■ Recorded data
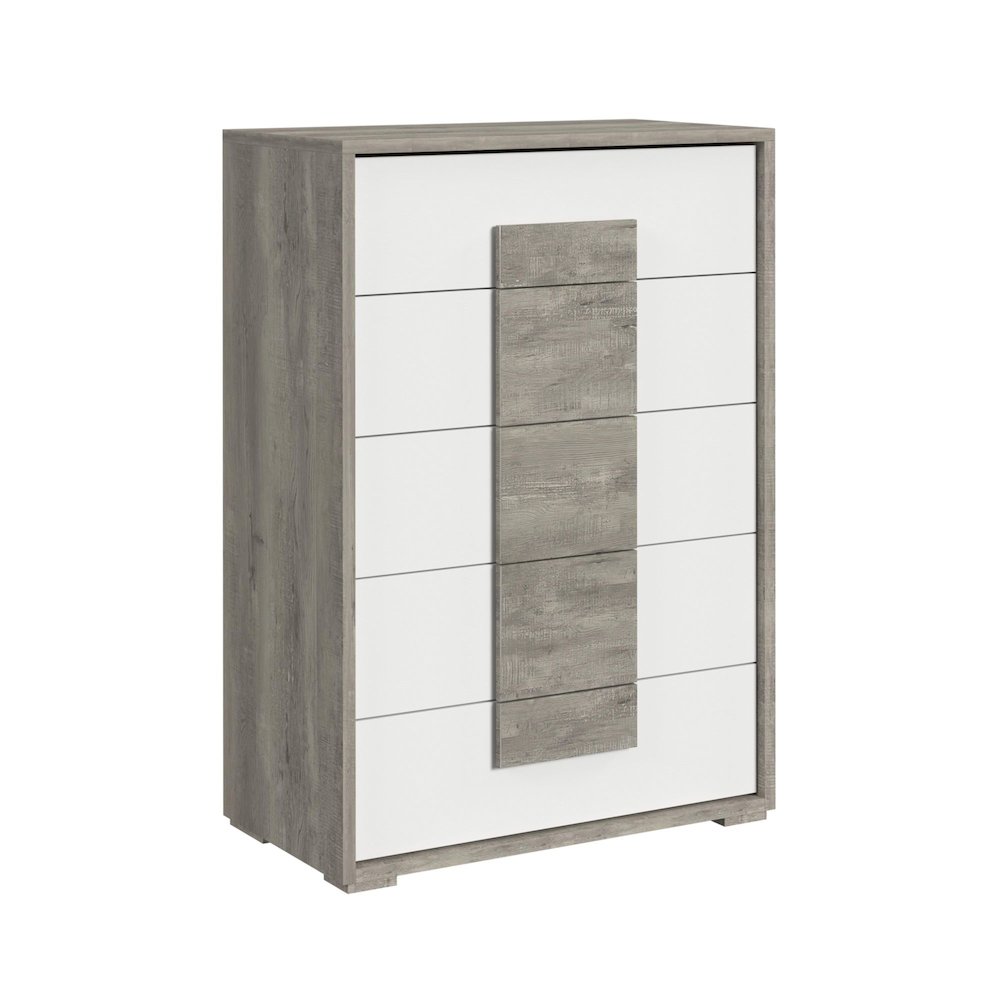 San Matteo Queen 3PC Bedroom Set with LED in Dual Tone. Picture 3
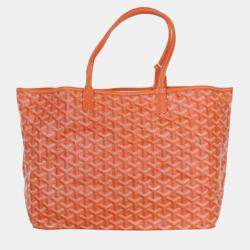 Pre Owned Goyard Orange St. Louis PM Tote Bag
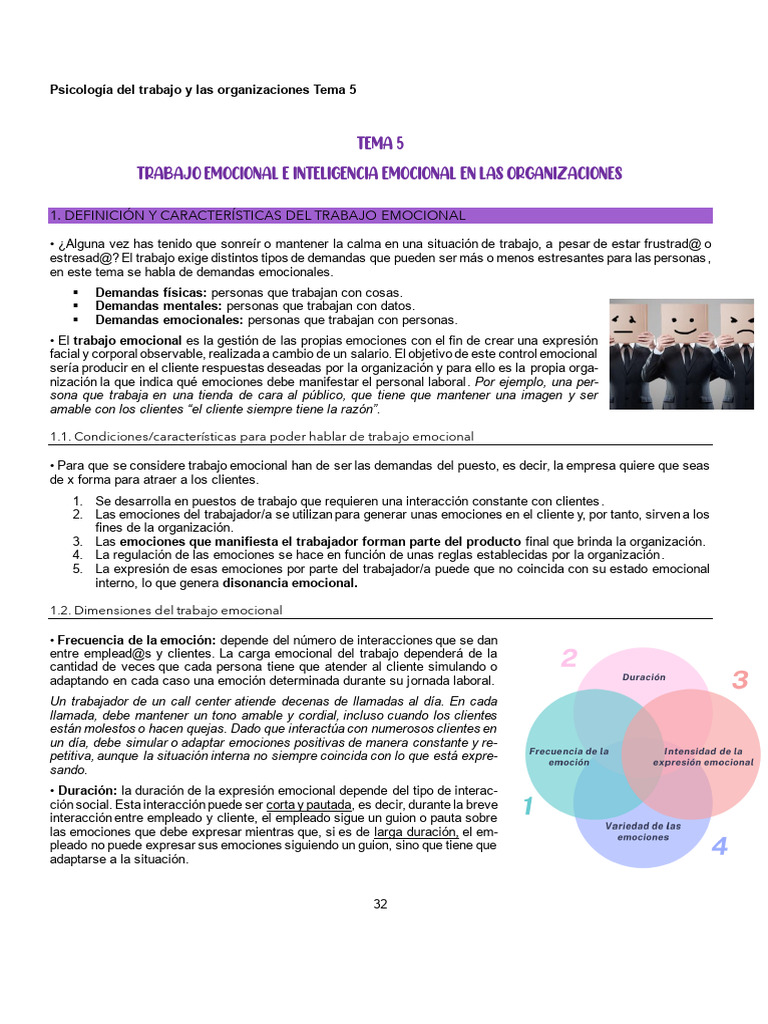 Tema 5 | PDF | Las emociones | Inteligencia emocional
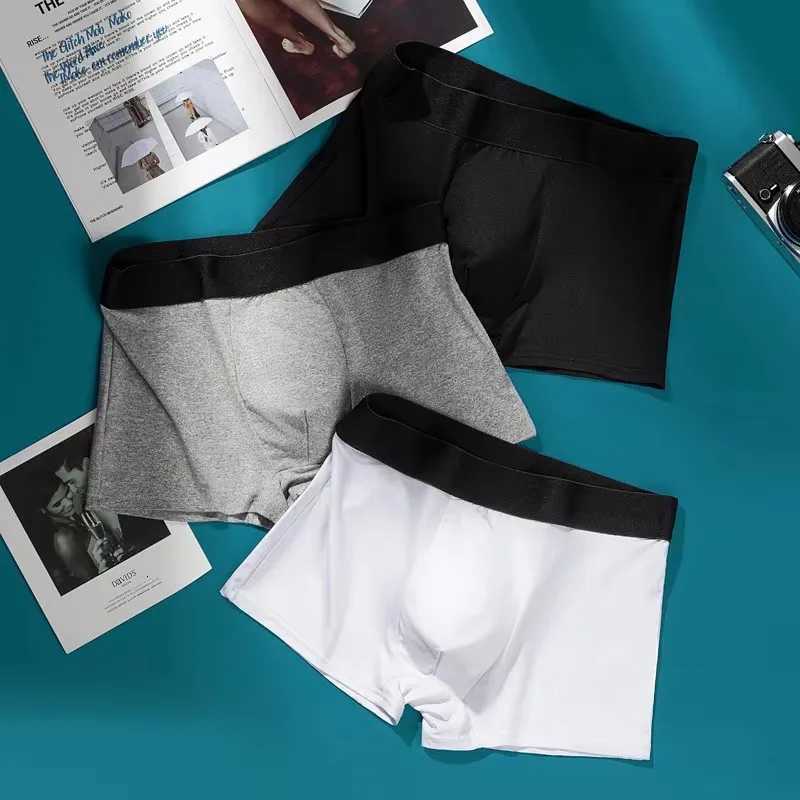 Men Boxer Mens Underwear Breathable Sexy Male Boxer Solid Underpants Comfortable Underwear Mens Boxers Hot L-3XL W250819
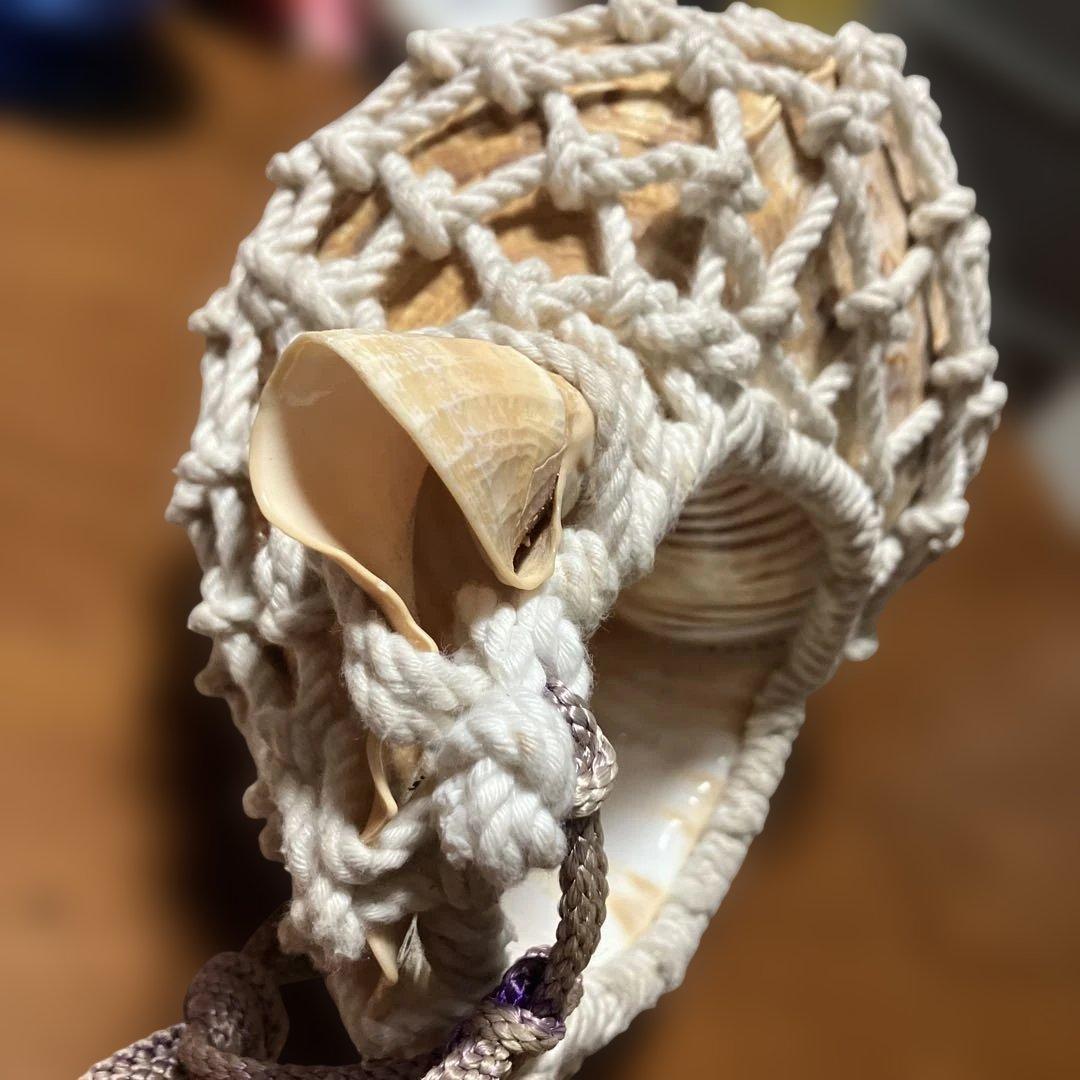 法螺貝笛 年代物 沖縄黒木 長さ40CM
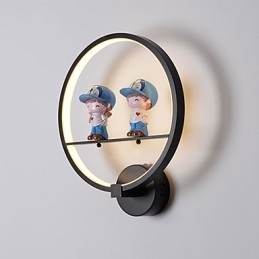 המלון החדש חדר שינה מנורת קיר מנורת אלומיניום מודרני מינימליסטי קירות אורות מעבר מנורה דקורטיבית מנורות חדר ילדים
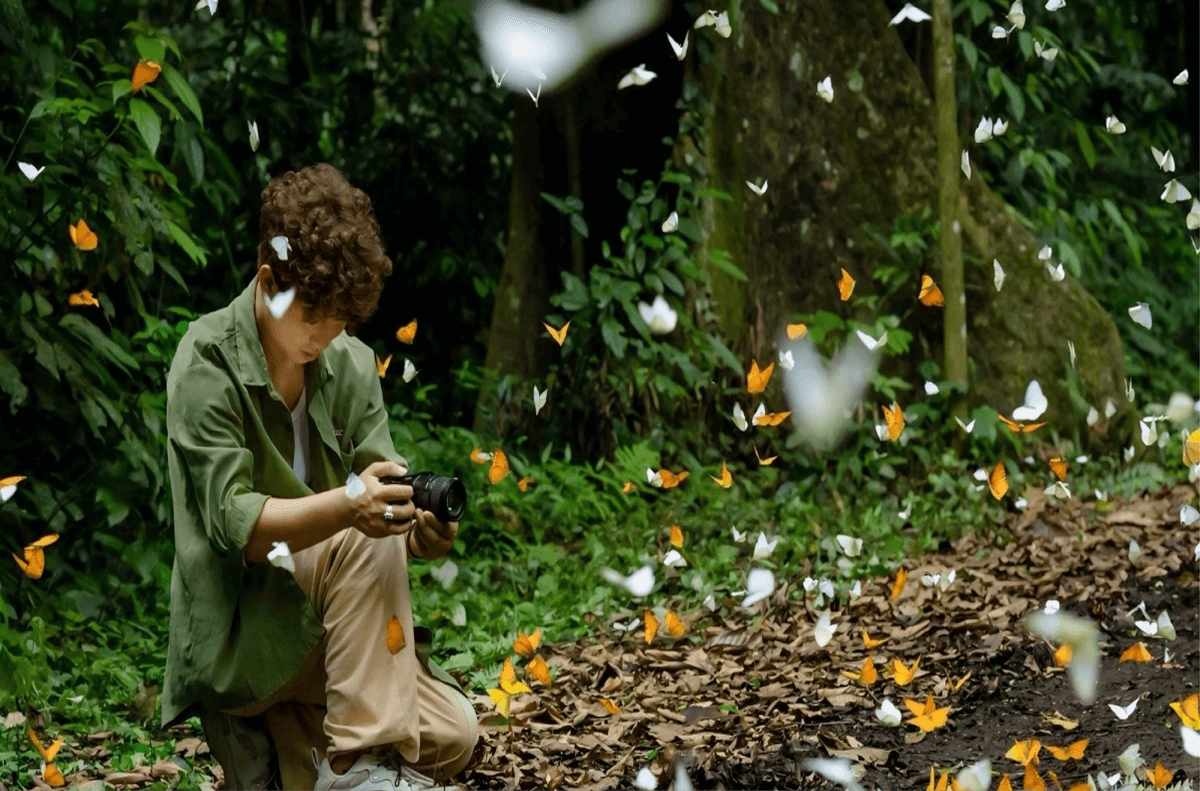 Chụp ảnh với Cúc Phương mùa bướm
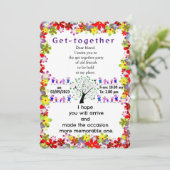 Invitation Réunion d'invitation (Debout devant)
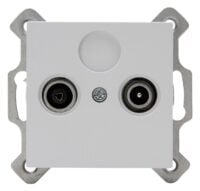 Kopp 941234083 ATHENIS-Antennensteckdose TV/RF Farbe:grau matt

■ Task directions
Copy the data character for character, but drop all pictures from the copy.

■ Result of the exercise
 San Matteo Queen 3PC Bedroom Set with LED in Dual Tone. Picture 3
 Pre Owned Goyard Orange St. Louis PM Tote Bag
 Tema 5 | PDF | Las emociones | Inteligencia emocional
 Men Boxer Mens Underwear Breathable Sexy Male Boxer Solid Underpants Comfortable Underwear Mens Boxers Hot L-3XL W250819
 法螺貝笛 年代物 沖縄黒木 長さ40CM
 המלון החדש חדר שינה מנורת קיר מנורת אלומיניום מודרני מינימליסטי קירות אורות מעבר מנורה דקורטיבית מנורות חדר ילדים
 Chụp ảnh với Cúc Phương mùa bướm
 Invitation Réunion d'invitation (Debout devant)
 Kopp 941234083 ATHENIS-Antennensteckdose TV/RF Farbe:grau matt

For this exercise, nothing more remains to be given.